Z9 second impressions

See also my Z9 first impressions.

As before, I’m using camera firmware 1.11.

As before, I’m trying to focus on things that aren’t already very well known / discussed about the Z9. And a lot of that is around finding the edge cases where things stop working properly. Please don’t misconstrue that as an overall negative judgement of the Z9 – I like the Z9. (I say this because an earlier revision of this post was reposted on Nikon Rumours, which was very flattering but led to quite some angst in the comments there due largely to this missing context)

All example photos are from High Efficiency* raws as rendered by Lightroom Classic without any edits, other than cropping where appropriate.

Ergonomics

  • You cannot use the camera at all – can’t even bring up the menus – if you have a “stowed” lens attached, like the 24-70/4 in compact form. This is not a big deal, of course, but it’s annoying that you can’t do anything with the camera and it doesn’t give any indication why – unlike the Z7, the Z9 doesn’t turn on the LCD in this situation, only the EVF, so it’s very easy to miss the dialog it’s trying to show that’s complaining about the lens.
  • It took a little experimentation to figure out how to manipulate the LCD screen easily. If you just grab the side and try to pivot it up or down, for example, it’s almost impossible to do so without fear of breaking something. This seems to be a consequence of its complicated multi-levered design. Fortunately Nikon have included little grabbers on the top & bottom as well, and if you use those appropriately the screen is easy enough to position.
  • With the Sigma 150-600 Contemporary attached, I’m finding the Z9 isn’t significantly different in weight from the Z7 (or D500). I also don’t see any meaningful difference in “balance” or any such thing that apparently lots of other people do.
  • One thing I hadn’t really considered is that the Z9 is a rounded square, whereas the Z7 was a less rounded rectangle. Consequently the Z9 likes to roll about, such as in a car going around corners, which is annoying – on a recent windy-road drive I had to hold the Z9 the entire time, in my lap, to prevent it attempting to commit suicide against the doors and dashboard.
  • Some camera harnesses are problematic with the Z9, unless you have a tripod foot on the lens that you can attach to instead.

    e.g. my preferred camera harness is a Cotton Carrier, but the Z9’s big butt forces the camera and lens to stick out way more, which puts a lot more torque on the harness – I worry it’ll eventually snap from the stress (I’ve had one harness break in this way before) – and is just less comfortable all round.

Performance

Autofocus

  • It hasn’t completely kicked the Nikon Z habit of obsessive-compulsive behaviour regarding backgrounds. Sometimes with a clear subject front-and-centre, right there in the middle of the frame, it’ll buck all artistic conventions and seek novel compositions in the background.

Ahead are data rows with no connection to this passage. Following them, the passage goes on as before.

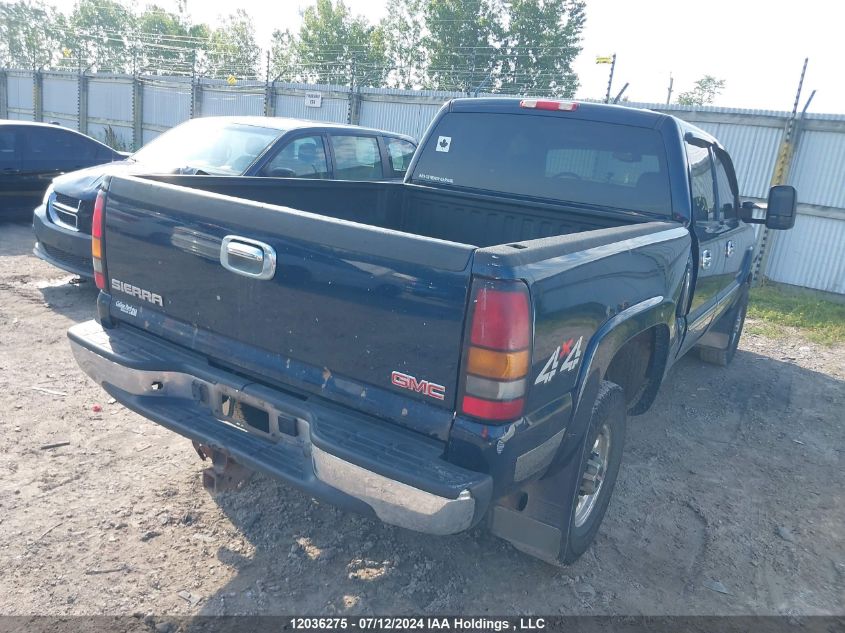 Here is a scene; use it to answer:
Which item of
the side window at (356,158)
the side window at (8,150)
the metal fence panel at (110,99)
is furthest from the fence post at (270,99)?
the side window at (356,158)

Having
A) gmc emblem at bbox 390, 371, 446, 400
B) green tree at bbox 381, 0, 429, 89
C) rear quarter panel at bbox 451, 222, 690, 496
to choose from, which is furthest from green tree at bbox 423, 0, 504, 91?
gmc emblem at bbox 390, 371, 446, 400

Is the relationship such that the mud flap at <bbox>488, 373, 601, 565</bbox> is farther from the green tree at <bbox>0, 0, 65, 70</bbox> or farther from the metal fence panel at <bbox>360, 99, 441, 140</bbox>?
the green tree at <bbox>0, 0, 65, 70</bbox>

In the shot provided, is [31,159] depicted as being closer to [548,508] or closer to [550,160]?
[550,160]

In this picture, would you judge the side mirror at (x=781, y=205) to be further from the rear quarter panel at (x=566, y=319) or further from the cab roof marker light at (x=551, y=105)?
the rear quarter panel at (x=566, y=319)

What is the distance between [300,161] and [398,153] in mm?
1648

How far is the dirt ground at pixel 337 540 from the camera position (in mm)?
2701

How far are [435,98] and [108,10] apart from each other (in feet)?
254

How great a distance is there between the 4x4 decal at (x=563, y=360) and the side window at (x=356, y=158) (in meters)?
5.08

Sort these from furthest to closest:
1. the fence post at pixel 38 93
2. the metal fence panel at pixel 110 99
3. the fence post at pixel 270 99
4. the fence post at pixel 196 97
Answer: the fence post at pixel 38 93 → the metal fence panel at pixel 110 99 → the fence post at pixel 196 97 → the fence post at pixel 270 99

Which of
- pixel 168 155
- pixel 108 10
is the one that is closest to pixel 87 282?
pixel 168 155

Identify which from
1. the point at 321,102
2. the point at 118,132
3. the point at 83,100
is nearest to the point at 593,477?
the point at 321,102

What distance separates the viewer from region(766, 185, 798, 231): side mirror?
4.76 m

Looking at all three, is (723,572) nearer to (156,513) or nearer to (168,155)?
(156,513)

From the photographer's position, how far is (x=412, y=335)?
85.4 inches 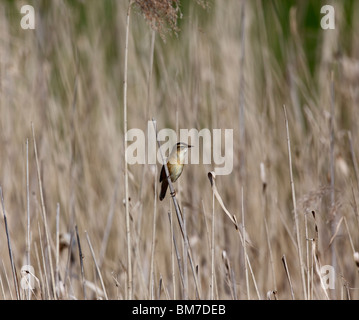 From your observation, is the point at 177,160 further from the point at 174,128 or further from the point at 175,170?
the point at 174,128

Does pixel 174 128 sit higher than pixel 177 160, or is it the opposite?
pixel 174 128

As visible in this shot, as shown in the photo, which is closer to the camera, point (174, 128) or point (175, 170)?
point (175, 170)

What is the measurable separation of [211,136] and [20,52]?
1006 millimetres

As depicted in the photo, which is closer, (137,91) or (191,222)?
(191,222)

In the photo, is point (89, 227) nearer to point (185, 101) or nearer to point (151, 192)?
point (151, 192)

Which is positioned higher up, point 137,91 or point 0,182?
point 137,91

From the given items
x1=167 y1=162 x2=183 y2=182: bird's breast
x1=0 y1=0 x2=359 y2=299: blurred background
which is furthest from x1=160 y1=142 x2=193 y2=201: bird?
x1=0 y1=0 x2=359 y2=299: blurred background

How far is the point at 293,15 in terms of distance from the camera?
8.46ft

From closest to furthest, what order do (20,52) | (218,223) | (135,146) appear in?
(218,223) → (135,146) → (20,52)

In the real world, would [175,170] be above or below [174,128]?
below

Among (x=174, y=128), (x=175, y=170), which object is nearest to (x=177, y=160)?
(x=175, y=170)

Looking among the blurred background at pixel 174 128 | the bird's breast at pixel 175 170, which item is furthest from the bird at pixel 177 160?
the blurred background at pixel 174 128

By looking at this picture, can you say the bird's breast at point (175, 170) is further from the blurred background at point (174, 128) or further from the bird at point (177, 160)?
the blurred background at point (174, 128)

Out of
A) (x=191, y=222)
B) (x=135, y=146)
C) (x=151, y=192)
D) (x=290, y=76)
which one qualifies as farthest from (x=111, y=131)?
(x=290, y=76) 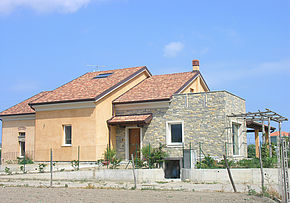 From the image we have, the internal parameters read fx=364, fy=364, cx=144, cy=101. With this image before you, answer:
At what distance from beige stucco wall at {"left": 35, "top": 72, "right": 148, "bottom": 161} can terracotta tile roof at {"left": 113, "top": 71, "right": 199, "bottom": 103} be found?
51.8 inches

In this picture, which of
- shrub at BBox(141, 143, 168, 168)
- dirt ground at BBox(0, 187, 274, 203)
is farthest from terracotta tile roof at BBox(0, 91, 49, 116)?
dirt ground at BBox(0, 187, 274, 203)

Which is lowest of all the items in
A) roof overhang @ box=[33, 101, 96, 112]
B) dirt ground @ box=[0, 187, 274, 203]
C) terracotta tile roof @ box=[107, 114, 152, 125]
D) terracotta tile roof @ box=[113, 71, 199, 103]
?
dirt ground @ box=[0, 187, 274, 203]

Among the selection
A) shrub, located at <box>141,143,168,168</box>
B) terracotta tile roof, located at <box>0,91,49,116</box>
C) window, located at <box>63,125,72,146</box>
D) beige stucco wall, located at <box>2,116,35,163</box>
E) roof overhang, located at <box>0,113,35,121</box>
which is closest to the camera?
shrub, located at <box>141,143,168,168</box>

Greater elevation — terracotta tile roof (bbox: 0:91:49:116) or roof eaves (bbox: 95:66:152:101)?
roof eaves (bbox: 95:66:152:101)

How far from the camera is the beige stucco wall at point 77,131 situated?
22.6 meters

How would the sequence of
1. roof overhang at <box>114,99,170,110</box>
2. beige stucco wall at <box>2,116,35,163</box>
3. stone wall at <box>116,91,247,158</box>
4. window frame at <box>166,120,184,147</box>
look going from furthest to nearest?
beige stucco wall at <box>2,116,35,163</box>
roof overhang at <box>114,99,170,110</box>
window frame at <box>166,120,184,147</box>
stone wall at <box>116,91,247,158</box>

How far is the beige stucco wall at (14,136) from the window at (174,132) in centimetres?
1006

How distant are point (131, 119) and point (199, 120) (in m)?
4.28

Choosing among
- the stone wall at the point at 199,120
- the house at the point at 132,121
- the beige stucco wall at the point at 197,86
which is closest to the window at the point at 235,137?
the house at the point at 132,121

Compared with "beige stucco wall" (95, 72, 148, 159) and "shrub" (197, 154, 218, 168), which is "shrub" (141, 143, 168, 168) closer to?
"shrub" (197, 154, 218, 168)

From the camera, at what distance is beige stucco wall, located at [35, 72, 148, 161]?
22641 mm

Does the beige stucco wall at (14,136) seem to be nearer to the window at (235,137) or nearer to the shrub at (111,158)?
the shrub at (111,158)

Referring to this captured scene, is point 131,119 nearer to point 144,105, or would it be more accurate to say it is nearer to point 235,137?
point 144,105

    This is rare, to be clear. The Z7 did this [figuratively] all the time. I think the Z9’s only really done it once, maybe twice so far. So I wouldn’t call this a big deal, even though it’s such an obvious fail when it happens. Still, it’s a bit sad that Nikon still can’t seem to figure this out.
California Condors have a wing span of nearly three metres. This makes them very hard to spot, clearly.
  • As others have occasionally commented in reviews, eye autofocus is easily foiled if the eye is obstructed at all, e.g. by hairs, feathers, or similar. In most cases (that I’ve seen so far) it will vacillate randomly between the eye and the obstruction.

    As such, it is possible to still get the eye in focus, but you need to take a lot of pictures and hope for the best.

    This is not unique to subject-detecting AF modes – the problem occurs in single-point AF as well, for example.

    This behaviour in single-point mode is justifiable – in abstract there’s no way for the camera to tell which of the possibilities you actually want – but I would think that when it explicitly detects an eye it would understand how to avoid common obstructions like hairs & feathers, and similarly nearby elements like eyelashes. e.g. focus specifically on circular or oval features, or simply always prefer the furthest detected feature. Alas it does not.
For reference, Nikon, this is what an eye looks like.
This, on the other hand, is a feather. Notice the subtle distinction in how they look nothing alike.
  • Eye detection is sometimes wrong about what is an eye – e.g. nostrils on birds. I don’t have much data on this yet, but I get the initial impression that it’s basically just looking for a roundish feature that is darker than its surroundings, and nostrils are often darker than eyes (since eyes often have reflections and/or colour irises), or the eyes might be partially obscured. The behaviour is dependent on the bird – e.g. for California Condors it was a real bugger sometimes in trying to get it to recognise the actual eye, but for many other bird species it had no issues.
All AF modes using subjection detection – e.g. auto-area, 3D tracking – were very insistent about picking the nostril as an “eye”, ignoring the actual eye that is clearly visible. I had to switch to single-point AF to get usable focus.
  • For some animals – e.g. this California Condor which is apparently the Z9 AF system’s nemesis – it doesn’t recognise the actual face at all, but frequently thinks it sees a face elsewhere on the animal. In poses like the one above it mistook the nostril for an eye and prioritised that, but in the photo below it didn’t detect any eyes and instead thought it saw a face in the middle of those neck feathers.
Once again I had to switch to single-point AF in order to get usable focus, as otherwise it would stubbornly focus only on the neck feathers.
  • Similarly in some cases it doesn’t recognise an obvious animal at all, but thinks it sees something interesting in inanimate objects. This is compounded severely by the design flaw where 3D tracking mode will always focus on any detected subject no matter where you tell it to focus, and disabling subject detection (to work around this flaw) requires menu-diving.
Rumours of jaguars in this photo are greatly exaggerated, according to the Z9. Fortunately there’s a fascinating log that simply must be photographed.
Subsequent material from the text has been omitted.